• Work to complete: The whole listing below is to be copied exactly, with every picture left out.

• Information shown:
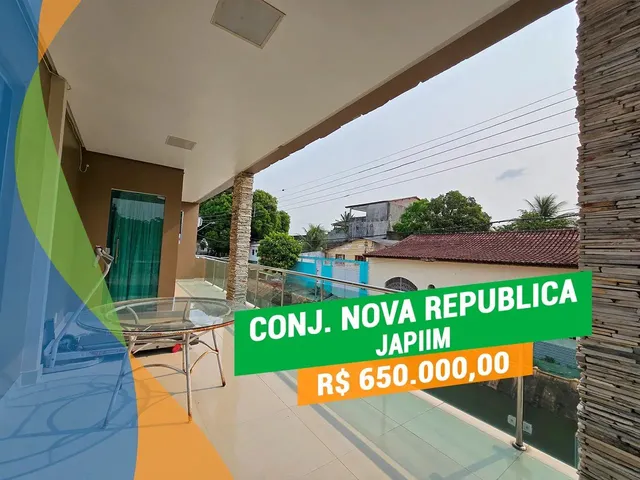 Imagem: Casa Duplex Conj. Nova Republica com 4 Suítes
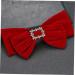 hair accessories hair clip for wedding hair gems for women wedding hair clips wedding hair bow bobby pin bow hair barrettes for women bow spring hairpins chic bow headdress vintage - Buy Online on GoSupps.com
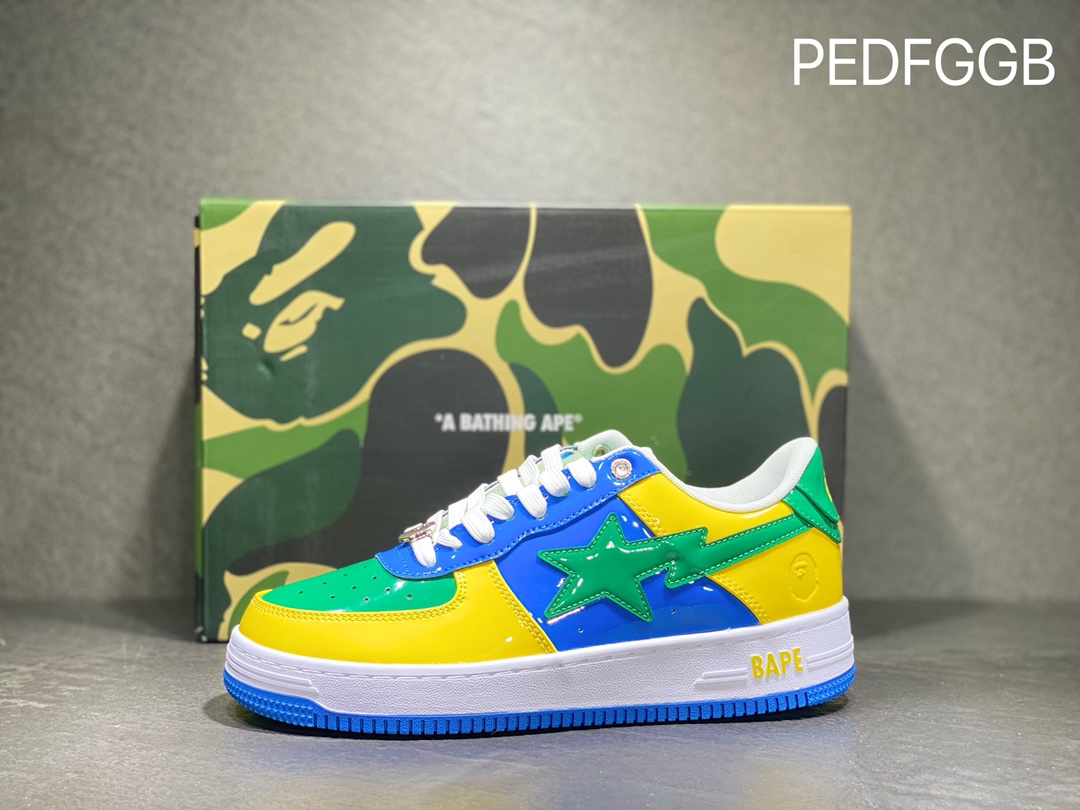 260 潮流教父nigo品牌 王源同款 Bape Sta “Tokyo”经典百搭休闲运动板鞋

• Exercise response:
 Imagem: Casa Duplex Conj. Nova Republica com 4 Suítes
 hair accessories hair clip for wedding hair gems for women wedding hair clips wedding hair bow bobby pin bow hair barrettes for women bow spring hairpins chic bow headdress vintage - Buy Online on GoSupps.com
 260 潮流教父nigo品牌 王源同款 Bape Sta “Tokyo”经典百搭休闲运动板鞋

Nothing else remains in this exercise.